Near optimal estimation of the mean in Hilbert space

Dia 2020-10-16 10:30:00-03:00
Hora 2020-10-16 10:30:00-03:00

Near optimal estimation of the mean in Hilbert space

Roberto Imbuzeiro Oliveira (IMPA)

In this talk, we discuss an estimator that, given a n-point i.i.d. sample from a distribution P over Hilbert space (with finite second moment), produces an estimate of the sample mean with the following properties.

(P0) The estimator does not require knowledge of distribution parameters.

(P1) Fix a confidence level 1-\alpha. Fix also 0<\delta<1/2 and assume an adversarial contamination model where up to \delta n sample points may be modified arbitrarily. Our estimator achieves (non-asymptotically) the minimax-optimal error for this problem, up to a constant factor.

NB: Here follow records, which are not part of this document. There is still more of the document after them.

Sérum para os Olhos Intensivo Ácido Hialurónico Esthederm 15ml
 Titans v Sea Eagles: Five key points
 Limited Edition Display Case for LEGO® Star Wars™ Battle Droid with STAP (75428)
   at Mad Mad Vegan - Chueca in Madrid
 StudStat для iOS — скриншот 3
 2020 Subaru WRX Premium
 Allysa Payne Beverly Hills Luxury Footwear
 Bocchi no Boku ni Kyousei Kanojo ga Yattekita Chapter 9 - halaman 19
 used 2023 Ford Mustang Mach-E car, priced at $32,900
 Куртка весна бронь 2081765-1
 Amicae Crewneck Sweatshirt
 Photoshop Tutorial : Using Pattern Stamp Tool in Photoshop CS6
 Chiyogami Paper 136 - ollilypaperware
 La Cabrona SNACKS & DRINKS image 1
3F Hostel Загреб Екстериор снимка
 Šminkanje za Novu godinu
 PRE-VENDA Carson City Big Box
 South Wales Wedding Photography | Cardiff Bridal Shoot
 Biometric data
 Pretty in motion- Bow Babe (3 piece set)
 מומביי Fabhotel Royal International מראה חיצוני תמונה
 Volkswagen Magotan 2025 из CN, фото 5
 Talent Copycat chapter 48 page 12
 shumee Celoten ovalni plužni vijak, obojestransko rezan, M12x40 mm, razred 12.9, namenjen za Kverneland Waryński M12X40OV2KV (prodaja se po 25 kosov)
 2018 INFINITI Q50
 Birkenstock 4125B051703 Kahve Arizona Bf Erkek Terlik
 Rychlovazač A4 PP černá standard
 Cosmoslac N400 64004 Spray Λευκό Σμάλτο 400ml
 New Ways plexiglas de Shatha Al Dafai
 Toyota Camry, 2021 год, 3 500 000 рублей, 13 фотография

(P2) Our estimator can be computed in a number of Hilbert space operations that grows at most polynomially in n.

A recent construction due to Lugosi and Mendelson gives an estimator satisfying (P0) and (P1), but not (P2). Other estimators had been shown to satisfy (P1) and (P2), but not (P0). It had been conjectured that no near-minimax estimator could satisfy the three properties. A novel "PAC-Bayesian" analysis will show that the conjecture is false, and that a variant of previous estimator actually works. The idea behind our estimator is based on the standard "trimmed mean".